The pinnacle of Western philosophy is 100% Marxism. Marxism represent a qualitative leap of Western philosophy. The problem is that since academia tries very hard to pretend Marx doesn't exist, they are forced to teach Western philosophy without teaching the pinnacle of Western philosophy, which is why you are forced either read about dudes who have been dead for centuries or a bunch of bunk bullshit by some dude talking nonsense. The rationale they give to teaching Plato, Aristotle, Descartes, Kant, and so on is some bullshit about "being a better critical thinker" when the real reason why you should read them is because their works are the foundation in which Marx, who was also Western philosopher, would use for his works. You read Hegel so when you get to Marx, you can appreciate how Marx took Hegel's incomprehensible bullshit and turn it into something that even illiterate workers can understand and more importantly, apply towards a liberatory political project.

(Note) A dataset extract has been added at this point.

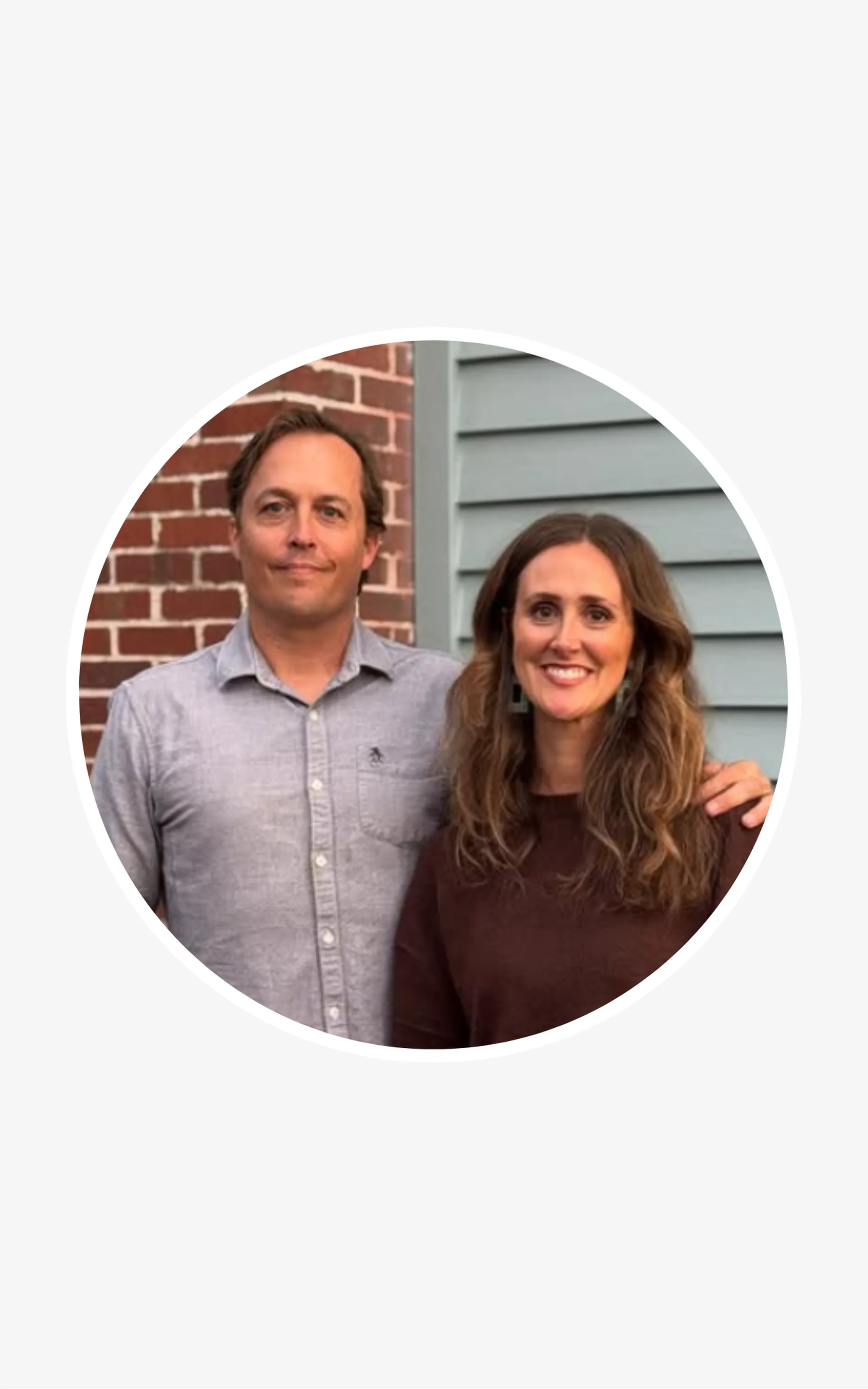 Smiling couple posing together outside a brick and gray-sided house, in a circular portrait frame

The analytic vs continental divide in academic philosophy is basically a divide between a branch of Western philosophy that pretends Marx doesn't exist vs a branch of Western philosophy that at least acknowledges Marx exists but isn't itself Marxism. And it should come as no surprise that in the completely reactionary environment that is the Anglosphere, it's the branch of Western philosophy that rejects Marxism that is completely dominant where you get to read philosophers who spend 200+ pages to prove that 1+1=2 or argue about qualia. It's only recently that students are starting to get taught influenced-by-Marx-but-not-actually-Marxist philosophy.

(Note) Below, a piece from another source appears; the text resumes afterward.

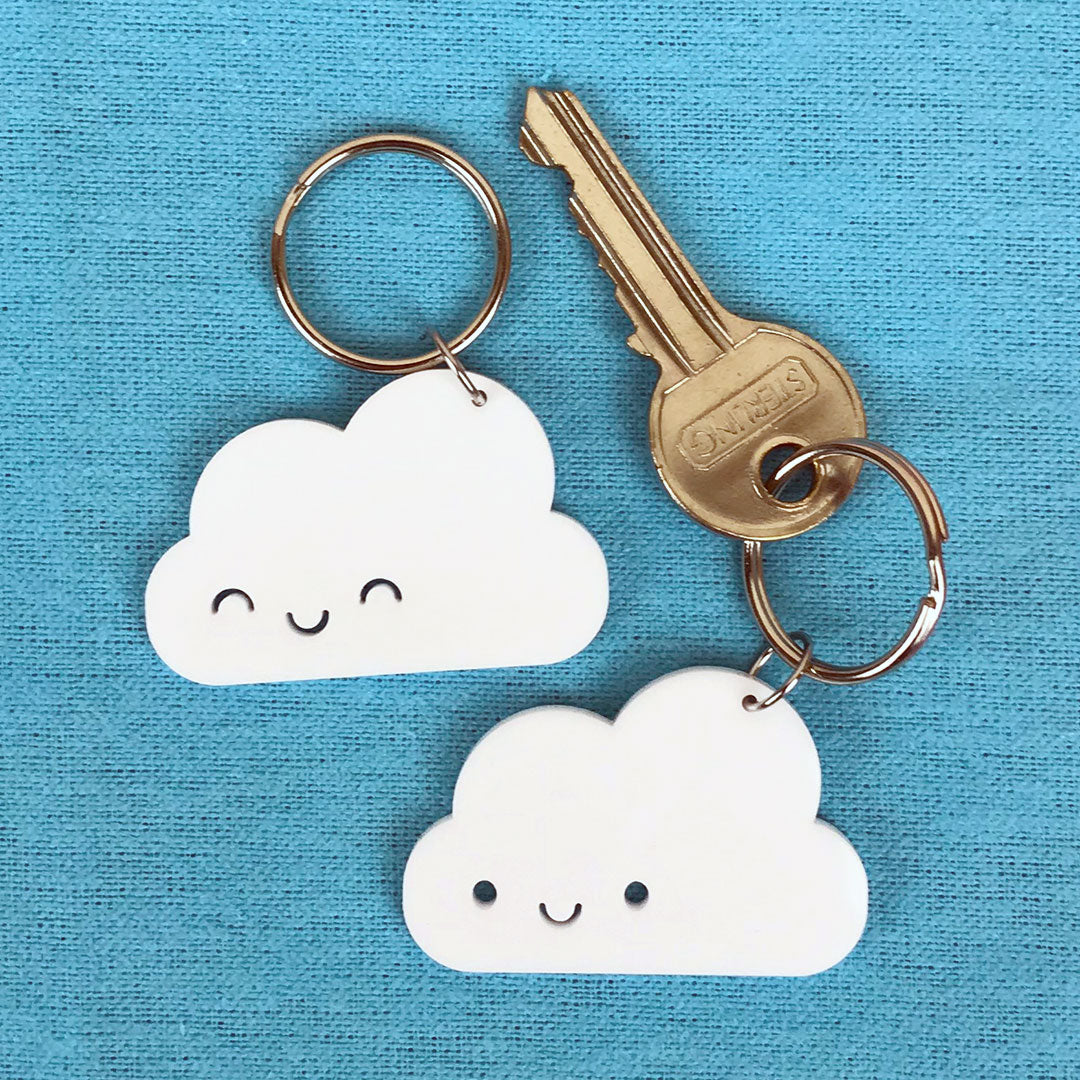 Happy Cloud keyrings with open and closed eyes laser cut from white acrylic, each with a split ring attached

You read Hegel so when you get to Marx, you can appreciate how Marx took Hegel’s incomprehensible bullshit and turn it into something that even illiterate workers can understand and more importantly, apply towards a liberatory political project.
I had some fun moments when i read Lenin's notes about philosophy and in all other cases he notes something to explain things to himself making it easier to understand, but in case of Hegel he was like a low key "wtf".
I unironically think that dialectics were basically Marx&Engels attempt to explain concept of feedback loops with language available to them at the time.
Originally I thought philosophy as a discipline was basically so far up its own ass as to be useless, then I took one or two philosophy classes and had some genuine interest, then I got politically engaged and read more philosophy outside of a classroom environment, and ultimately decided my original feeling was mostly correct.
I feel like every time I go down a philosophy rabbit hole I'm getting on a train to go to some destination only to realize after a few circuits that I stepped into a carousel.
The only exception being dialectical materialism because it destroys and remakes itself constantly as the world around it shifts.
Instead of trying to pigeonhole and describe the world in a system, why not just have the system be the world as it is? Apply the scientific method you fools.
Agree on that too. The basic concept of it though is still pretty rare in philosophy. The fact that your theory is meant to adapt and change over time as you gain more information about the world.
I feel like every time I go down a philosophy rabbit hole I'm getting on a train to go to some destination only to realize after a few circuits that I stepped into a carousel.
The only exception being dialectical materialism because it destroys and remakes itself constantly as the world around it shifts.
This is by design. You really think the ruling class would actually teach people how to actually analyze and change the world? Better to mislead the intelligentsia into getting stuck in mental carousels.